Question 70009
Recognize that by definition {{{i^2 = -1}}} and {{{i^1=i}}}

From this we can develop the sequence:

{{{i = i}}}
{{{i^2 = -1}}}
{{{i^3 = i^2 * i = (-1)*i = -i}}}
{{{i^4 = i^2*i^2 = (-1)*(-1) = 1}}}
{{{i^5 = i^4*i = 1*i = i}}}
{{{i^6 = i^3*i^3 = (-i)*(-i) = i^2 = -1}}}
{{{i^7 = i^6*i^1 = (-1)*i = -i}}}
{{{i^8 = i^4*i^4 = 1*1 = 1}}}
{{{i^9 = i^8*i^1 = 1*i = i}}}

Note that this series is i, -1, -i, 1, i, -1, -i, 1, i, ....

We can use this table along with some rules of exponents to simplify the terms in the problem.

Let's try to simplify {{{i^90}}}.  We use one of the laws of exponents to rewrite
the this as {{{i^90 = (i^9)^10}}}.  From the above table you can see that {{{i^9 = i}}}
Substitute this to get {{{i^90 = (i)^10}}}.  We can further use a law of exponents
to factor this term into {{{i^10 = i^5*i^5}}}.  But {{{i^5 = i}}} so:
{{{i^5*i^5=i*i=i^2 = -1}}} 
So {{{i^90=-1}}}.

We can use this result to find {{{i^91}}}. Note that {{{i^91 = i^90*i^1}}}.  Substitute
-1 for {{{i^90}}} to get {{{i^91 = (-1)*i = -i}}}.
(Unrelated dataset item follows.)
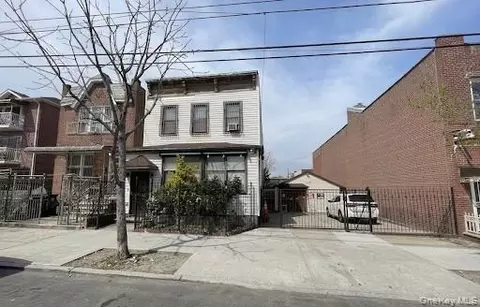3730 58th St, New York, NY 11377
Then use this result and procedure to find that: 
{{{i^92 = i^91*i^1 =(-i)*i = -i^2 = -(-1) = 1}}}

Repeat this process to find that:
{{{i^93 = i^92*i^1 = 1*i = i}}}

Substitute these four results into the original problem:
{{{(i^90)*(i^91) + (i^92)*(i^93)}}}

The substitution results in:

{{{(-1)*(-i) + (1)*(i) = i + i = 2i}}}

The answer to your problem is 2i.

Hope this helps.